## Work task
Please report each line of the data below that contains "Women".

## Material shown
○ ○ ○ ○ ○ ○ ○
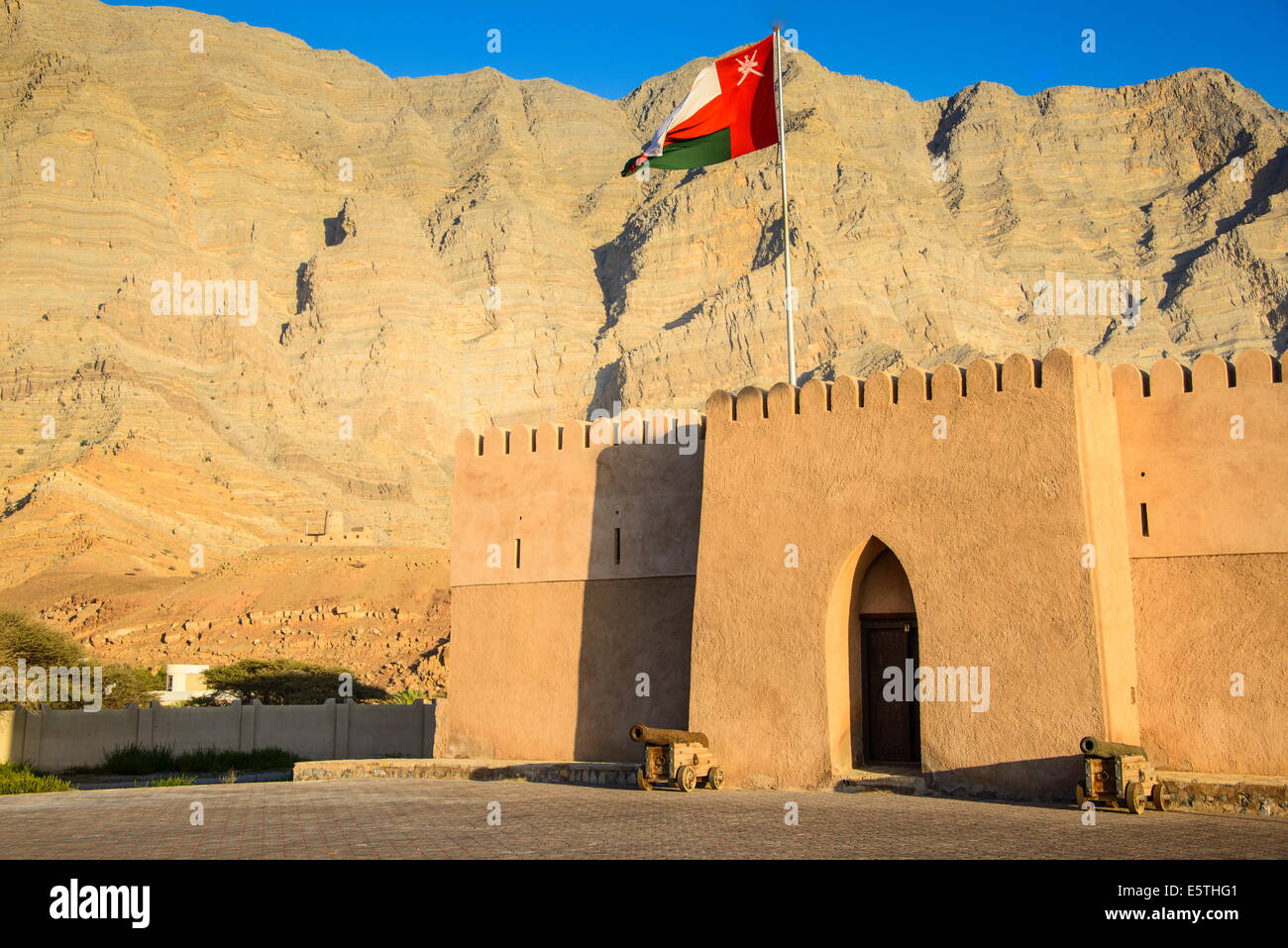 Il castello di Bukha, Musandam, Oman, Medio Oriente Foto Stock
○ ○ ○ ○ ○ ○ ○
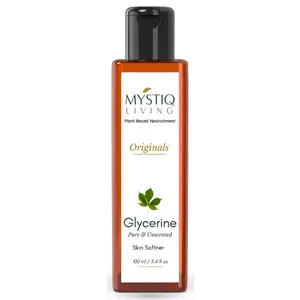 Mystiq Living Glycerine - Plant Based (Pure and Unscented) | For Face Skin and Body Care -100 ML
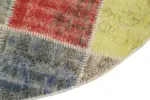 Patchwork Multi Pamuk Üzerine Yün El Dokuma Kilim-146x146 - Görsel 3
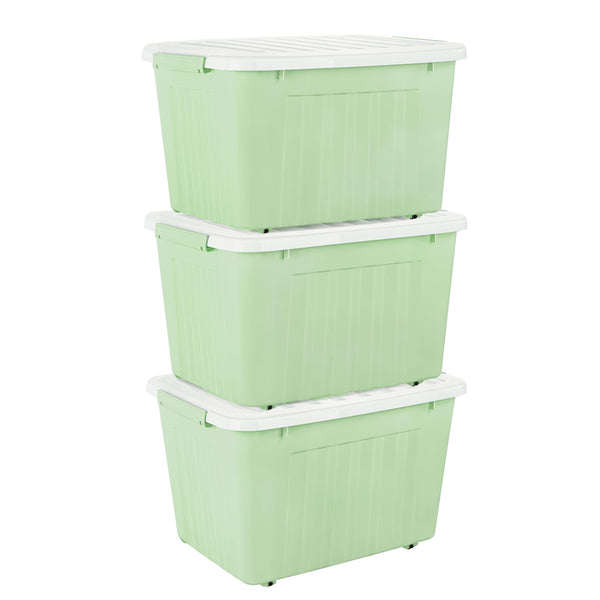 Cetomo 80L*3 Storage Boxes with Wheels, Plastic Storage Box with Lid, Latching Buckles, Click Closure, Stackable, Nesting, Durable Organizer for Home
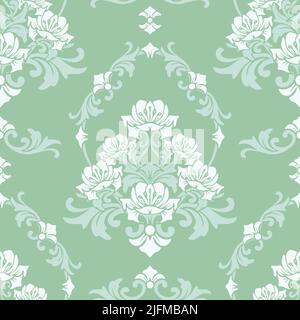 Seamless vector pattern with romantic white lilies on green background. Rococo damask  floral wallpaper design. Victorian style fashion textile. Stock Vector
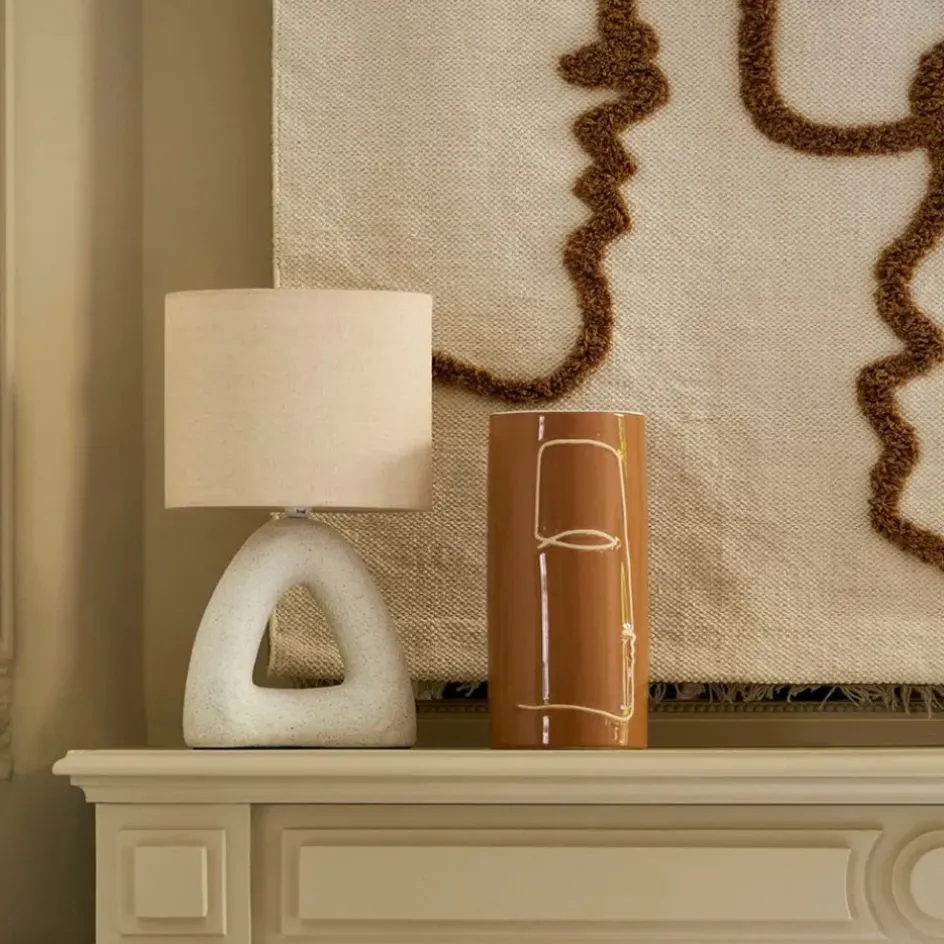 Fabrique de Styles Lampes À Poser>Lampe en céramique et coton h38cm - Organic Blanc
○ ○ ○ ○ ○ ○ ○
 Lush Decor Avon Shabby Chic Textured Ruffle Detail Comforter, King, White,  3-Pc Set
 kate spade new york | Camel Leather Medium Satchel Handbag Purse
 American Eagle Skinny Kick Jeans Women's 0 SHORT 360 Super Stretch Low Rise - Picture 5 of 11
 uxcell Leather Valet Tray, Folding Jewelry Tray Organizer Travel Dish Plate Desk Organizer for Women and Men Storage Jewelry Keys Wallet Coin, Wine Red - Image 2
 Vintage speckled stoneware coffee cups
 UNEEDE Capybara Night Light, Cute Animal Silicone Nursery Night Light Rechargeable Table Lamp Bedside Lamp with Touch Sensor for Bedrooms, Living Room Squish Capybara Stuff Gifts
○ ○ ○ ○ ○ ○ ○
## Response area
 American Eagle Skinny Kick Jeans Women's 0 SHORT 360 Super Stretch Low Rise - Picture 5 of 11
 uxcell Leather Valet Tray, Folding Jewelry Tray Organizer Travel Dish Plate Desk Organizer for Women and Men Storage Jewelry Keys Wallet Coin, Wine Red - Image 2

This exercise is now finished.